• _Problem details_: Every record below needs to be set down exactly. Pictures do not belong in the copy.
(Provided records)
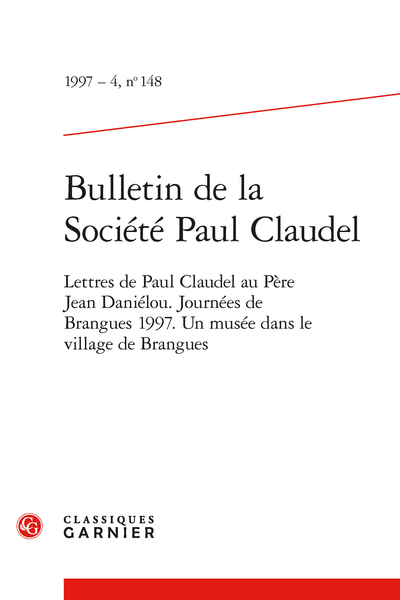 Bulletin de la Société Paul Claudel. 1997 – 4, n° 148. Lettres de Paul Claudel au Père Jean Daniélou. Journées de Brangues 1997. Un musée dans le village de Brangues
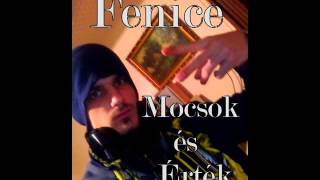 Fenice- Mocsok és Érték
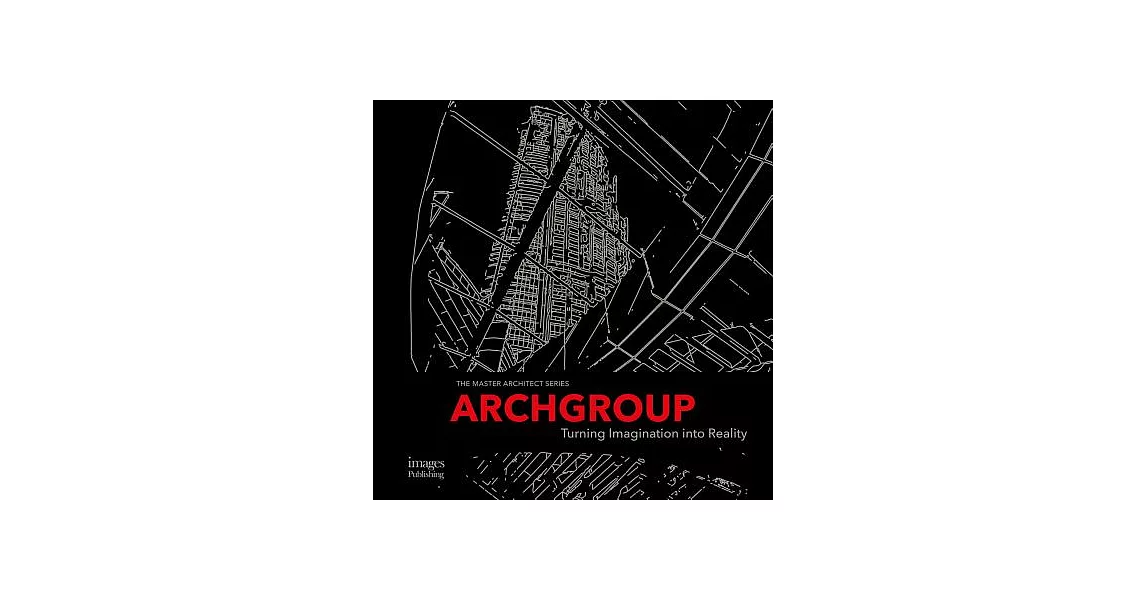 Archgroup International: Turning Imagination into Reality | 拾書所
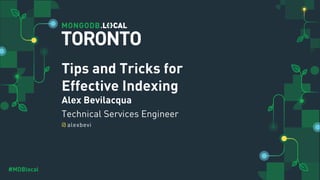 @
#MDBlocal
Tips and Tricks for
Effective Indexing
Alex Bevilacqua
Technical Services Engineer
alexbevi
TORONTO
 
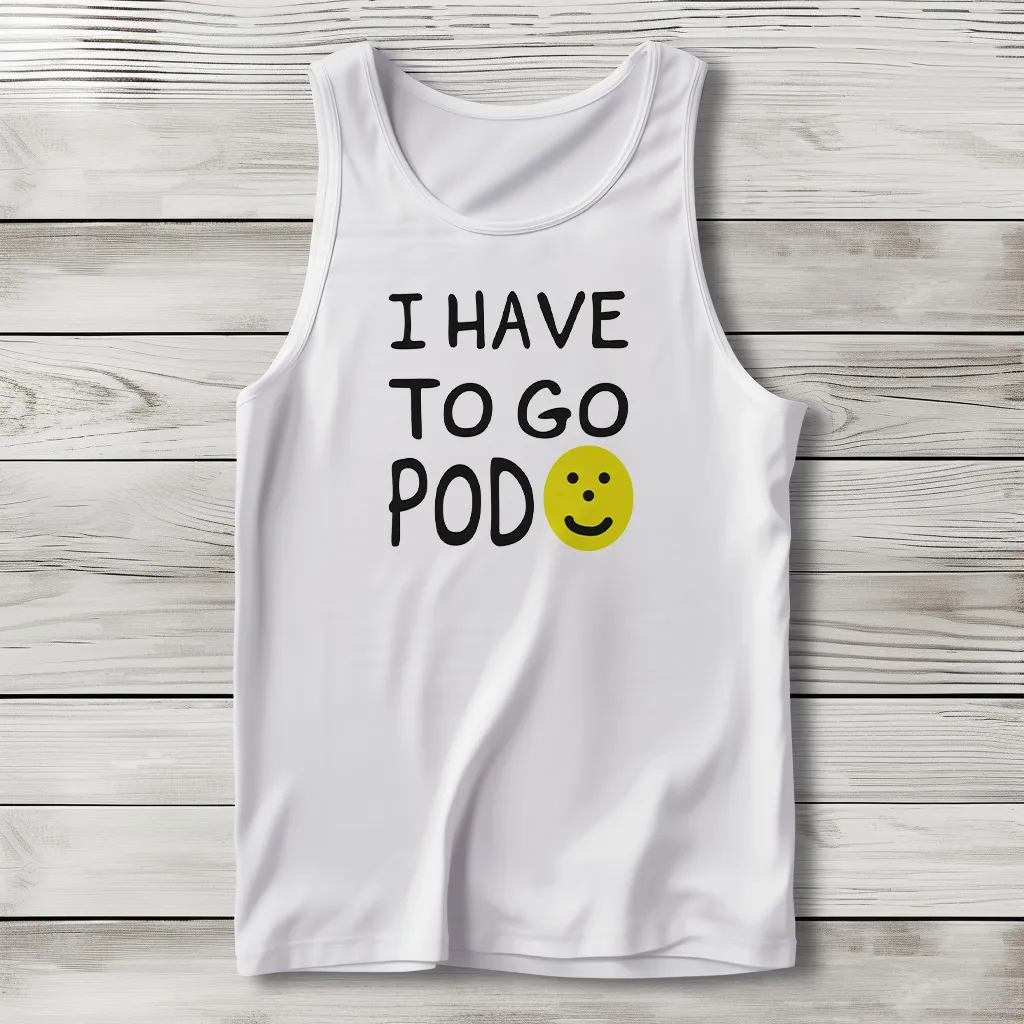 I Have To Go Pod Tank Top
(End Provided records)
• _Output of the task_:
 Bulletin de la Société Paul Claudel. 1997 – 4, n° 148. Lettres de Paul Claudel au Père Jean Daniélou. Journées de Brangues 1997. Un musée dans le village de Brangues
 Fenice- Mocsok és Érték
 Archgroup International: Turning Imagination into Reality | 拾書所
 @
#MDBlocal
Tips and Tricks for
Effective Indexing
Alex Bevilacqua
Technical Services Engineer
alexbevi
TORONTO
 
 I Have To Go Pod Tank Top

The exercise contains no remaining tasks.